First, we must secure our national security—because without that, nothing else holds. But beyond that, we have the opportunity to elevate what is possible: to harness AI not for trivial consumer gimmicks, nor authoritarian control, but to renew the democratic project itself.
Joining me:
Colonel Arnel David: Director, Project Maven, NATO Supreme Headquarters Allied Powers Europe (SHAPE)
Dr. Craig Martell: CTO, Lockheed Martin
Colonel Cameron Holt: Former Deputy Assistant Secretary of the U.S. Air Force and Space Force, now President of Exiger (Strategic Markets)
Why this matters:
Each of these leaders represents a critical front in the race for AI Supremacy. Project Maven was one of the U.S. military’s earliest efforts to integrate AI into defense systems, beginning with drone surveillance and expanding into modern battle networks.
Lockheed Martin, as the world’s largest defense and aerospace company, is embedding AI into the next generation of fighter jets, missile defense, and space systems—determining how democracies fight and deter wars.
And the U.S. Air Force and Space Force remain at the cutting edge of innovation, where leaders like Cameron Holt have driven procurement reforms to ensure the U.S. can innovate at the speed of its rivals.
Together, we will explore what is truly at stake—not only for the United States, but for all its allies. Because in the end, AI Supremacy is not about machines. It is about preserving the values that define free societies.
🎥 This conversation will be filmed, and I will share it with you soon. In the meantime, DM me or drop a comment below —how are you thinking about this moment? What questions should I raise with the panel? What perspectives do you think must be part of the conversation?

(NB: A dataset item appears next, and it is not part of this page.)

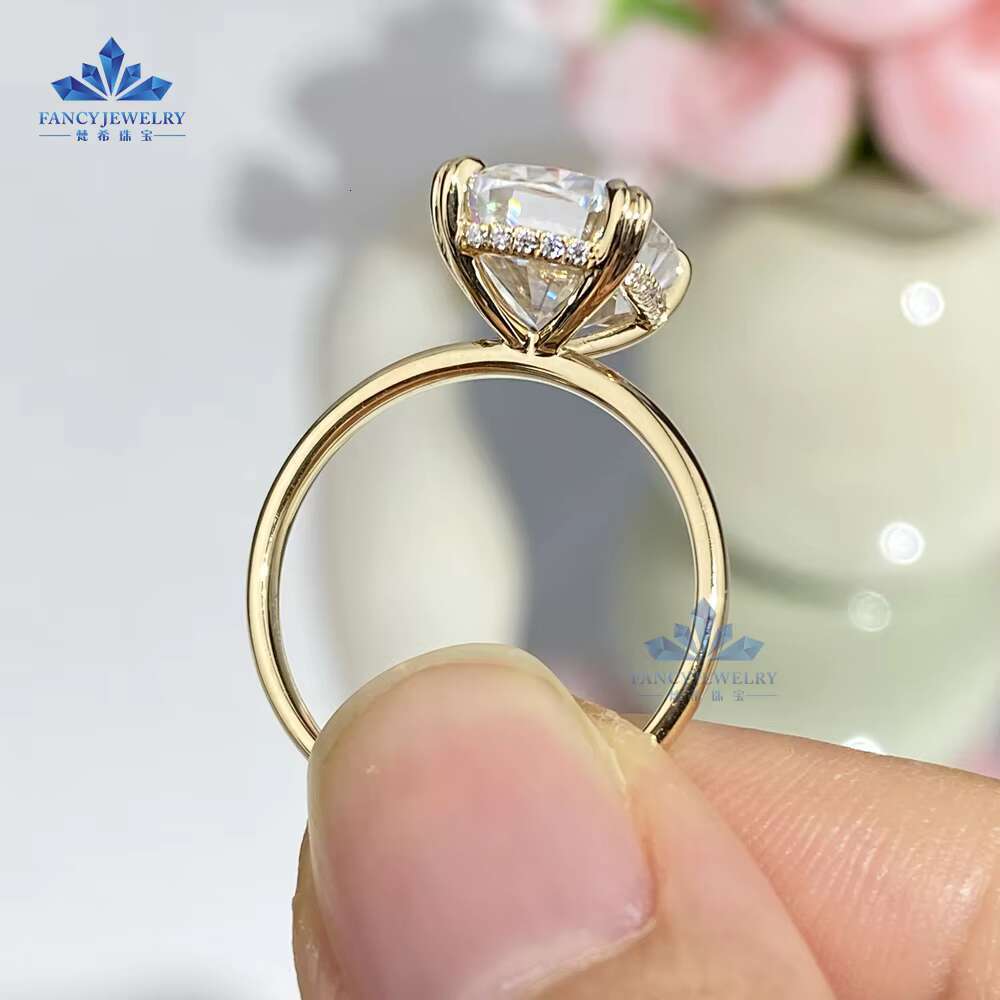 2025 New Design 5CT Lab Grown Moissanite Solitaire Diamond Ring in 18K Solid Gold Long Cushion Shape Engagement Jewelry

As a old educationalist, author and now software creator I have long argued for the teaching of Critical Thinking in the belief that youngsters, when adult, will have the skills to research, scrutinise, check and verify the material placed before them. The advent of AI generated material, often deliberately manipulated for financial, or political gain, is being consumed and seen as truth because it looks and sounds as, once trusted sources once were.
How best should we educate our populations to, at least have a chance to , identify, verify and use truth?
and linked: How can governments influence, persuade and control massively rich bad actors in the tech industries who exploit the power they wield for nefarious purposes?